AT&T Wireless believes it has developed a strategy that communicates a consistent corporate message while addressing the divisions within the U.S. Hispanic market. The Washington-based company relies on "macro-campaigns" – marketing initiatives created and executed within local markets – to promote its products and services. In keeping with the company’s international marketing strategy, the focus remains on easy-to-use mobile devices and ready-to-go packages. Retail services, local promotions, and customer support services are tailored to suit individual markets.
"Your national strategy has to be aligned with a very comprehensive local market strategy. You have to have a grassroots effort in the local markets," says Rosa Alonso, director of multicultural marketing at AT&T Wireless. "And you have to have campaigns that appeal to specific groups."
THE BATTLE FOR LATIN AMERICA
The when-in-Rome approach also works as wireless companies penetrate the Latin American markets. According to Mario Carotti, Nextel’s vice-president of Latin American corporate communications, Nextel gained a foothold by fashioning itself into a homegrown institution. Local residents, not expatriate U.S. executives, make up each country’s workforce. Marketing campaigns and product promotions are customized in accordance with the buying preferences and usage patterns of local residents.
"Latin American people perceive Nextel as a domestic company in the same way they perceive Ford and Coca-Cola as domestic companies," says Mr. Carotti. "These are everyday names that are a part of everyone’s life and are as much local as they are international."
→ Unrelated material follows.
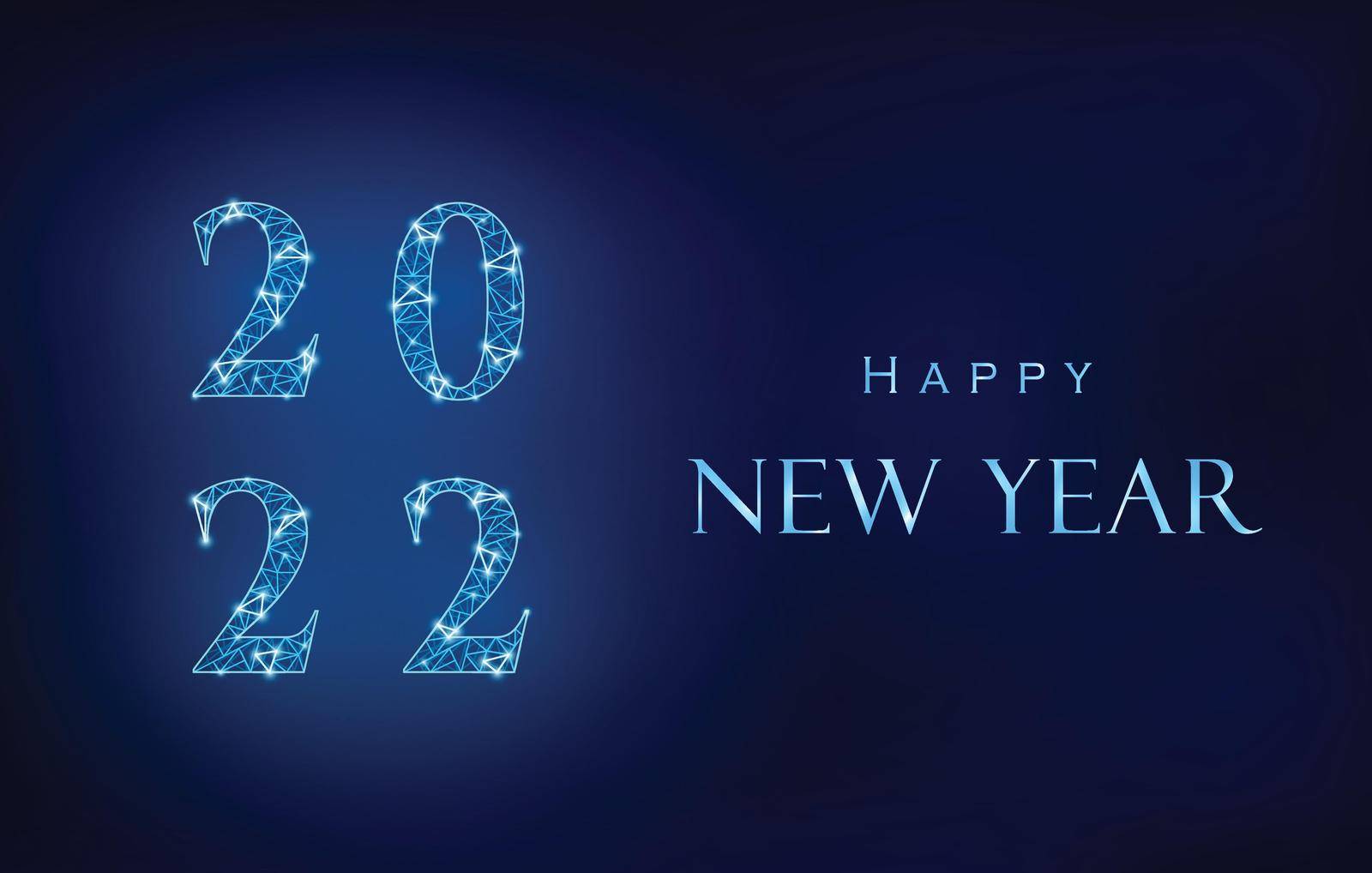 Blue Happy New Year design. 2022 from polygonal mesh with light points. Next to it shiny metallic effect greeting text.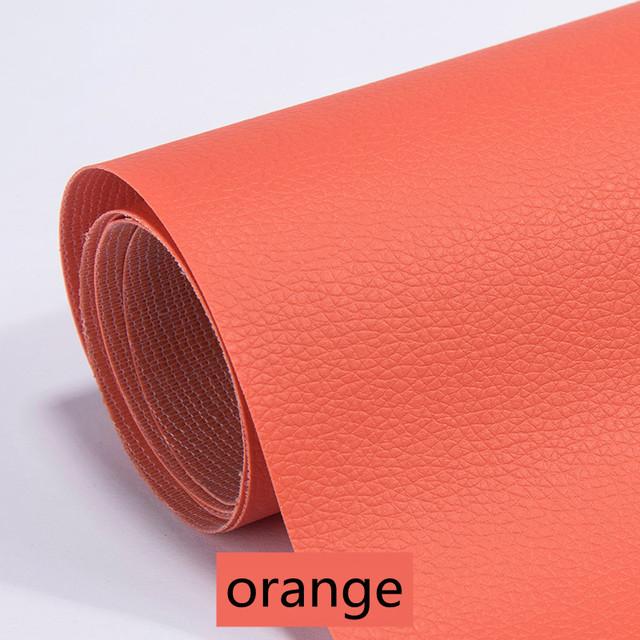 1 Stück selbstklebende Leder-Reparatur-Aufkleber für Autositz, Sofa, Zuhause, Leder-Reparatur, PU-Leder-Aufkleber, DIY-Aufarbeitungs-Patches 35x137cm orange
Industry privatization of formerly state-owned telephone companies has opened up gigantic opportunities as well as fierce competition, attracting the likes of Verizon Wireless, Bell South, and large Latin American players. With a population of 500 million and one of the highest online growth rates in the world, Latin America appears a ripe market for wireless services.
At the same time, economic and political turmoil mean a bumpy ride for utility-related industries such as wireless. After the destabilization of Argentina’s banks in early 2002, for example, Mr. Carotti traveled door-to-door, meeting with subscribers in order to negotiate reasonable payment plans. "From the president to junior sales reps – each of us was assigned a group of clients with whom we had to speak face-to-face, to analyze what payment problems there were, what limitations there were to draw cash from the bank, and how to work it out," he says.
Other bumps come from the telecom industry’s competitive pressures. In the mad rush for market share, many wireless companies focused on enlisting new subscribers rather than drafting a disciplined business strategy and conservative cost structure. Today, these companies are fast realizing that many of their subscribers are low-revenue generators, incapable of offsetting operational costs, especially in the midst of an economic slump. "If you already have a low-revenue subscriber and then your currency devalues 75 percent in one year, all of a sudden you just have a junk subscriber," warns Erica Eppinger, research director for Latin America at the Yankee Group.